On the negative side, Trustpower was among the biggest decliners after reporting a fall in first-half net profit and trimming its full-year guidance.
The benchmark S&P/NZX 50 Index rose 35.88 points, or 0.3 percent, to 10,795.06. Within the index, 21 stocks rose, 21 fell and eight were unchanged. Turnover was $134.5 million.
Pushpay shares rose 13 cents, or 4 percent, to $3.42 after climbing 3.8 percent yesterday when it reported a US$6.5 million net profit for the six months ended September, a turnaround from the previous first-half's US$4.4 million net loss.
The digital church collection payment app maker started generating a positive operating cash flow over the past 12 months, and that stepped up to US$8.9 million in the six months ended Sept. 30 from about US$2 million in the March period.
"That was a great result," says James Porteous, a broker at Craigs Investment Partners.
Craigs analyst Stephen Ridgewell said Pushpay is "demonstrating impressive operating leverage" and revised his 12-month target price to $4.75 from $4.25.
Ridgewell noted Pushpay is trading at a material discount to its ASX-listed peers and represents "compelling value."
Kiwi Property Group, unchanged at $1.57, was the heaviest traded stock. Almost 3.9 million shares changed hands, more than twice the average during the past three months.
Phone company Spark, often the most heavily traded stock, was second. About 3.6 million shares worth $16.1 million changed hands, up on the average of 2.9 million. The stock gained 7 cents, or 1.6 percent, to $4.45.
Index heavyweight A2 Milk bounced back after being sold down 3.6 percent yesterday, gaining 2.2 percent to $12.57 today.
"A lot of money in Australia has chased A2" but now the "hot" money is chasing other bets, Porteous says.
"We actually think it looks better – the new CEO (Jayne) Hrdlicka seems very good," he says.
A2 is relying less on the daigou – or greymarket trade in which buyers purchase A2's infant formula in Australia and New Zealand for sale in China – as it develops its own sales.
"In the long term, it’s a more solid proposition," Porteous says.
Trustpower shares fell 26 cents, or 3.2 percent, to $8.00 after reporting first-half net profit fell to $38.7 million from $64.9 million in the same six months last year after low hydro inflows and repair costs to a power station.
A number of stocks prized for their dividend yields remain under pressure from rising bond yields.
They included property securities such as units in Goodman Property Trust, down 1.2 percent at $2.11, electricity generator and retailer Meridian Energy, down 1.3 percent at $4.54, and fellow gentailer Mercury New Zealand, down 0.4 percent at $4.77.

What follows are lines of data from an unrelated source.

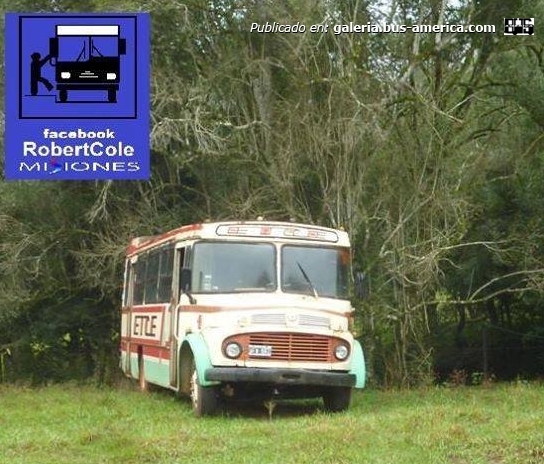 Mercedes-Benz LO 1114 - DE.CA.RO.LI. - ETCE
VFV 661 - ex N.061628
[url=https://galeria.bus-america.com/displayimage.php?pid=47355]https://galeria.bus-america.com/displayimage.php?pid=47355[/url]
[url=https://galeria.bus-america.com/displayimage.php?pid=47356]https://galeria.bus-america.com/displayimage.php?pid=47356[/url]
[url=https://galeria.bus-america.com/displayimage.php?pid=47357]https://galeria.bus-america.com/displayimage.php?pid=47357[/url]
[url=https://galeria.bus-america.com/displayimage.php?pid=47358]https://galeria.bus-america.com/displayimage.php?pid=47358[/url]
[url=https://galeria.bus-america.com/displayimage.php?pid=47359]https://galeria.bus-america.com/displayimage.php?pid=47359[/url]

ETCE (Eldorado), interno 1

Fotografía y gentileza: Roberto Beloso
Extraído de:RobertColeMisiones, en facebook

(Vista interior de la unidad)
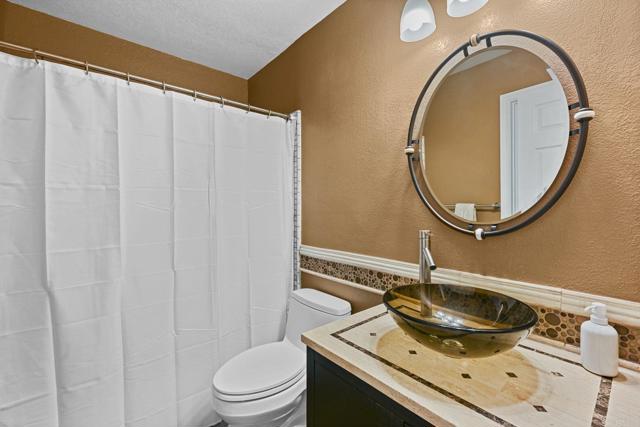 Detail Gallery Image 30 of 59 For 825 Robert Ln, Encinitas,  CA 92024 - 4 Beds | 3 Baths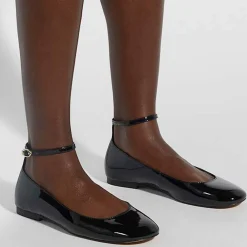 Hoop Ballet Flats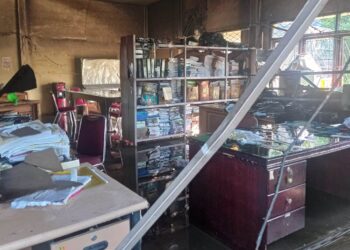 Sigap Atasi Kebakaran Jajaran Polres Bengkayang Kerja Sama BPBD Dan TNI Padamkan Api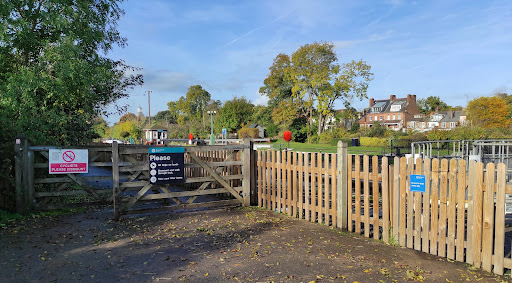 Sunbury Lock - Thumbnail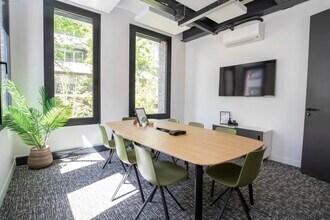 1 Rue Royale, Saint-Cloud to rent Interior Photo- Image 1 of 5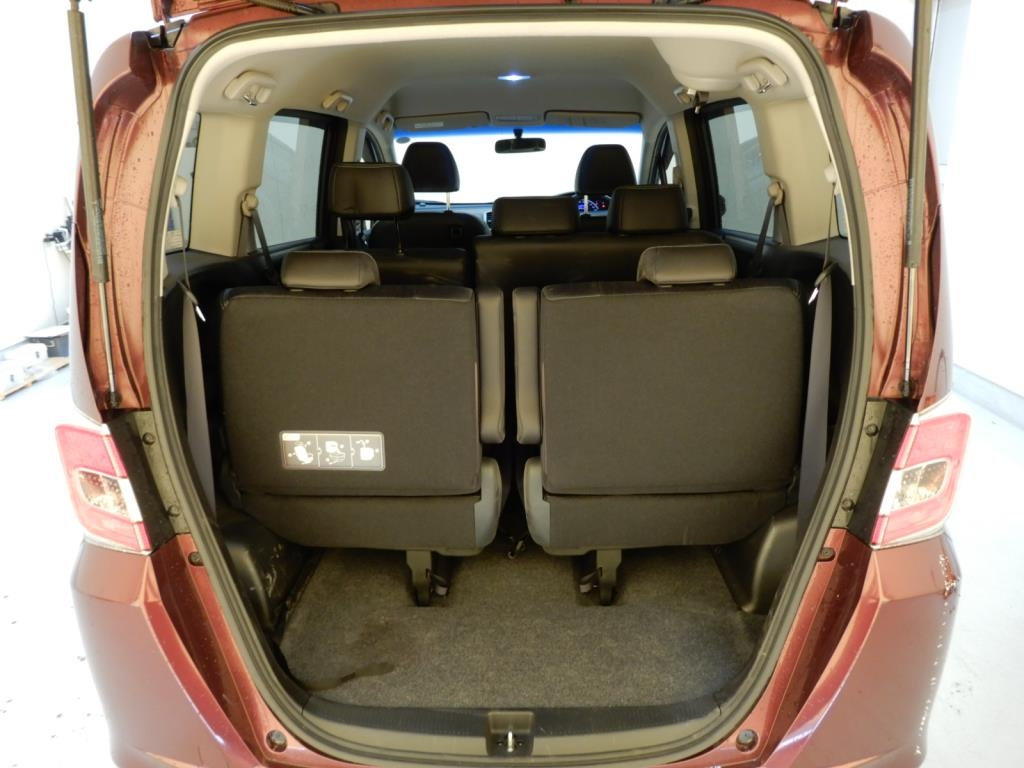 HONDA FREED 2015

While 10-year swaps ended the day slightly lower at a bid price of 1.4550 percent from 1.5025 percent yesterday, they have risen from 1.2850 in late October.
"The yielders have all been flattening off in the last couple of weeks as interest rates have flattened out," Porteous says.
These yield stocks have enjoyed solid support as interest rates have declined this year with the Reserve Bank cutting its official cash rate from 1.75 percent to 1 percent so far.
Meridian shares, for example, are up nearly 45 percent from a year ago and Mercury shares are up more than 38 percent while the S&P/NZX 50 is up only 24 percent over that period.